The Obama administration hopes that Iraq’s sectarian and ethnic groups can reconcile and share power. It wants Iran to convince Iraqi Prime Minister Nouri al-Maliki to make concessions that placate Iraq’s Arab Sunnis and stabilize the crisis. National reconciliation is the best possible outcome, but it is unlikely.
Working with Iran is a flawed strategy that would alarm Sunnis and alienate U.S. allies in the Gulf. The United States must be steely-eyed. Iraq is a failed state on the verge of collapse. The Obama administration must be careful not to encourage a break-out by the Kurds. At the same time, it needs a plan if Iraq falls apart and Kurdistan declares independence. The U.S. must anticipate events that would compel its recognition of Iraqi Kurdistan as an independent sovereign state.

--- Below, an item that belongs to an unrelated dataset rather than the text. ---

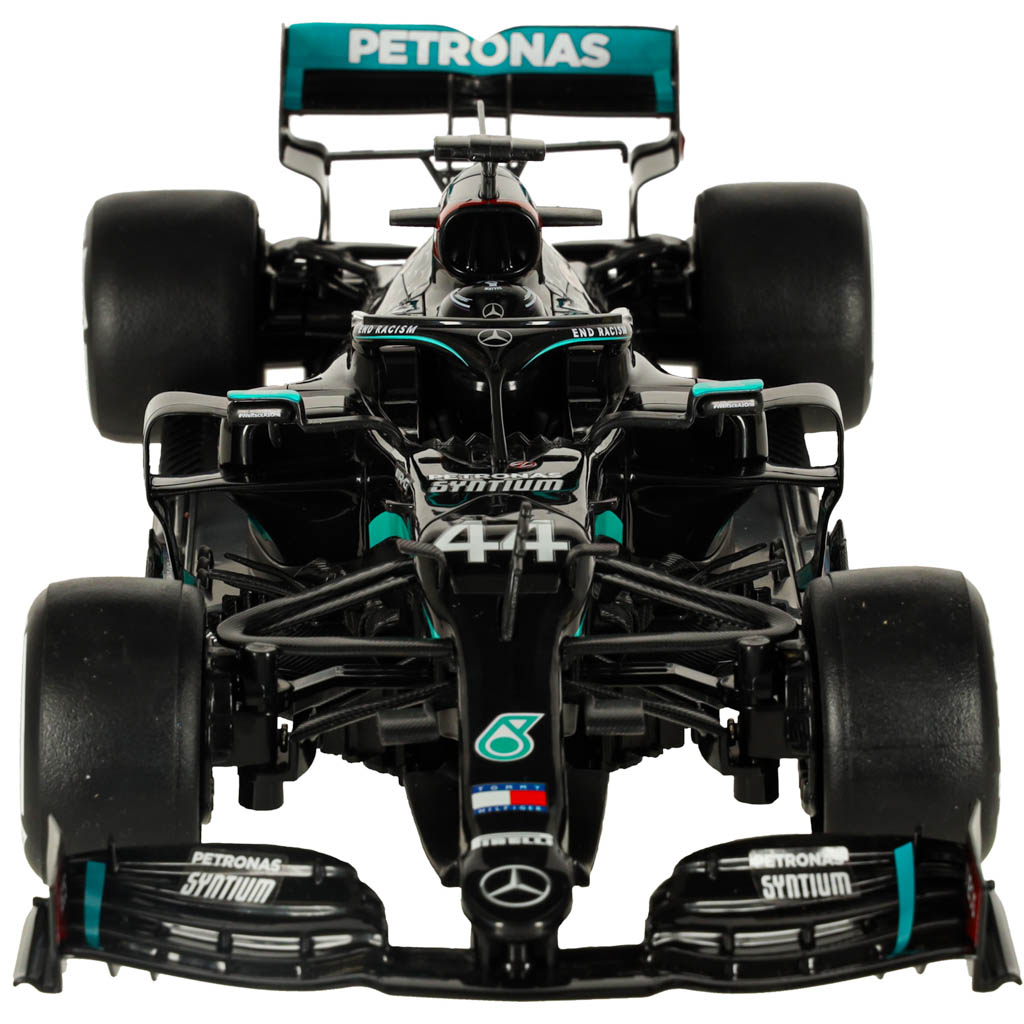 Nuotoliniu būdu valdomas automobilis rastar mercedes-amg f1 w11 eq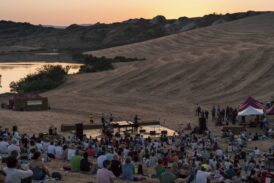 Asciano Suono Festival: la musica come relazione tra arte, natura e comunità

Iraq has no tradition of reconciliation. Iraqis were at loggerheads for 10 months after national elections in 2010. The impasse over government formation finally ended when Masoud Barzani, president of the Kurdistan Regional Government (KRG), mediated the Erbil Agreement between Iraqi factions. The post of prime minister was set aside for a Shiite; Maliki got the job. Jalal Talabani, a Kurd, stayed on as president and Usama al-Nujaifi, an Arab Sunni, became Speaker of the Parliament. The deal looked good on paper, but power-sharing was never implemented in practice. Maliki went out of his way to antagonize other groups. He arrested Arab Sunni politicians and contested territories in Iraqi Kurdistan, including Khanaqin near oil-rich Kirkuk.